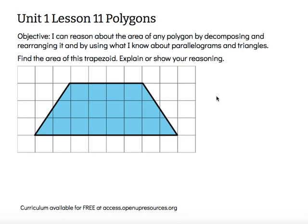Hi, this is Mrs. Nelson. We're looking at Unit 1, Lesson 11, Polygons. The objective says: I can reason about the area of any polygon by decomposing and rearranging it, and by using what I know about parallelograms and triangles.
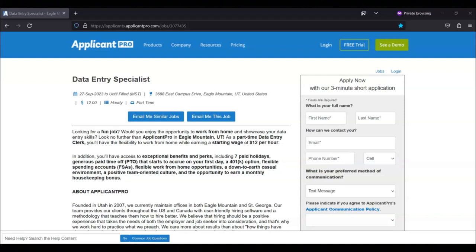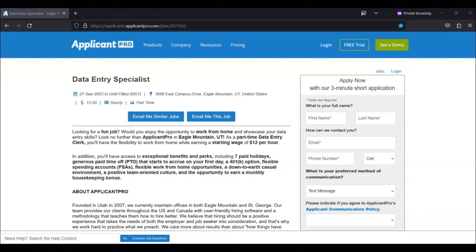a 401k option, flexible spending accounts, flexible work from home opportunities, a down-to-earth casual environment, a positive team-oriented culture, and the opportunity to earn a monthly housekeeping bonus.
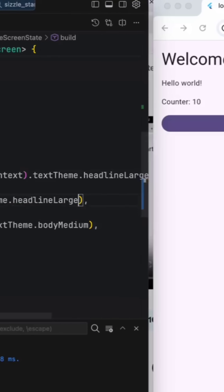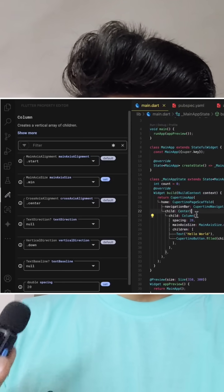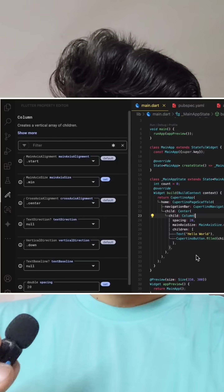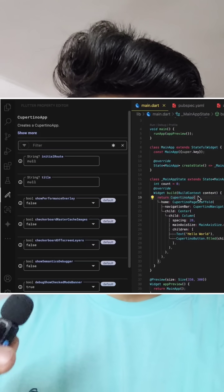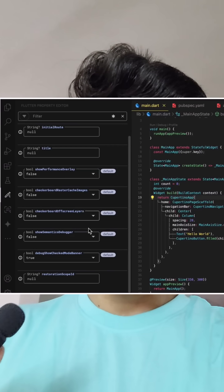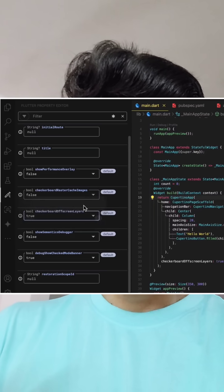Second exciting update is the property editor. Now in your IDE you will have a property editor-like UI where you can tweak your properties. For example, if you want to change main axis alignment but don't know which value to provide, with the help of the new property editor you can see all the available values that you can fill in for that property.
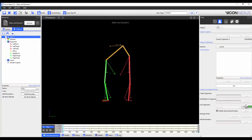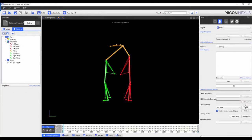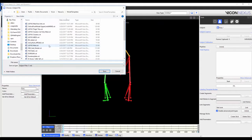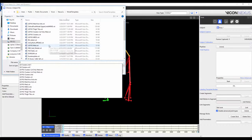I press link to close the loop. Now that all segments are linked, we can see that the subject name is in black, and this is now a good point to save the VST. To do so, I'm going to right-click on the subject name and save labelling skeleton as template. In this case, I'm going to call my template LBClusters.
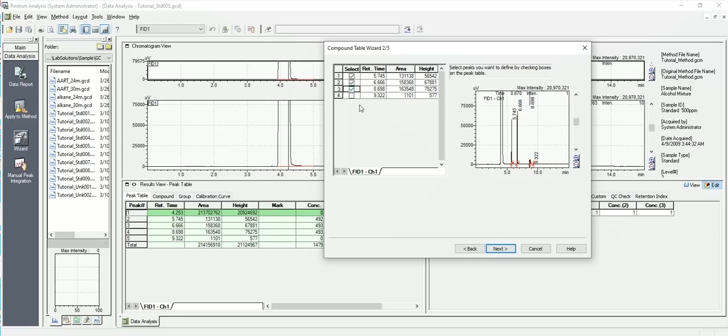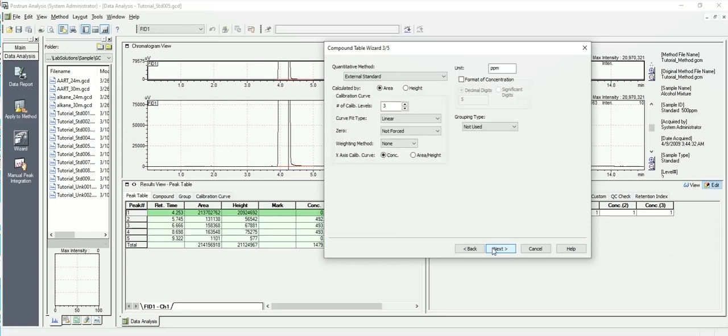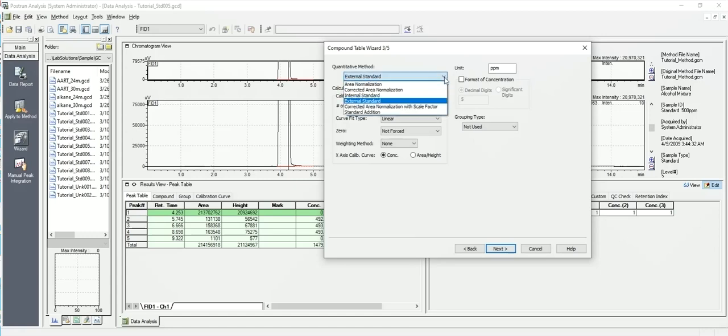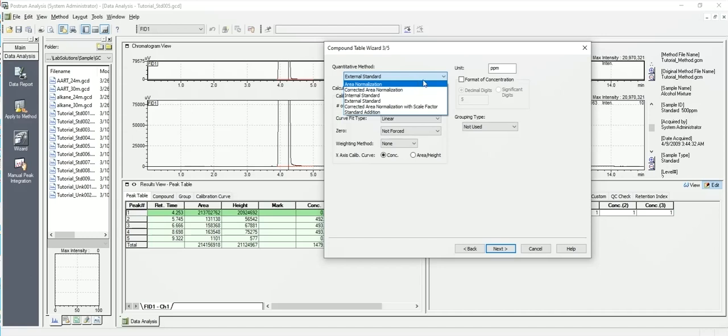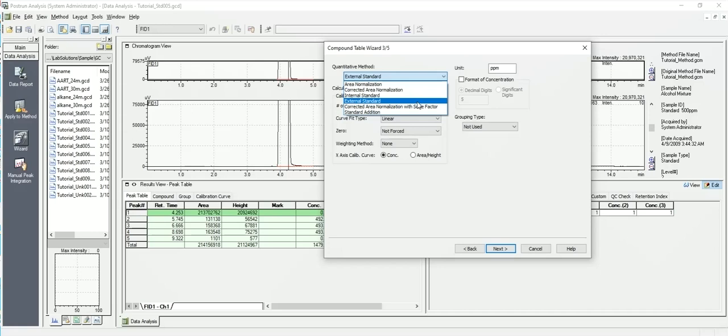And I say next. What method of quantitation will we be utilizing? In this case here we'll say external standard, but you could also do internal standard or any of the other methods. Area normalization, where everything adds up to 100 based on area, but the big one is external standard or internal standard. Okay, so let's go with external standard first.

===============

_PROBLEM REQUIREMENTS_
Print all entries exactly; skip the pictures.

_EXERCISE RESULT_
Hi, this is Mrs. Nelson. We're looking at Unit 1, Lesson 11, Polygons. The objective says: I can reason about the area of any polygon by decomposing and rearranging it, and by using what I know about parallelograms and triangles.
a 401k option, flexible spending accounts, flexible work from home opportunities, a down-to-earth casual environment, a positive team-oriented culture, and the opportunity to earn a monthly housekeeping bonus.
Second exciting update is the property editor. Now in your IDE you will have a property editor-like UI where you can tweak your properties. For example, if you want to change main axis alignment but don't know which value to provide, with the help of the new property editor you can see all the available values that you can fill in for that property.
I press link to close the loop. Now that all segments are linked, we can see that the subject name is in black, and this is now a good point to save the VST. To do so, I'm going to right-click on the subject name and save labelling skeleton as template. In this case, I'm going to call my template LBClusters.
And I say next. What method of quantitation will we be utilizing? In this case here we'll say external standard, but you could also do internal standard or any of the other methods. Area normalization, where everything adds up to 100 based on area, but the big one is external standard or internal standard. Okay, so let's go with external standard first.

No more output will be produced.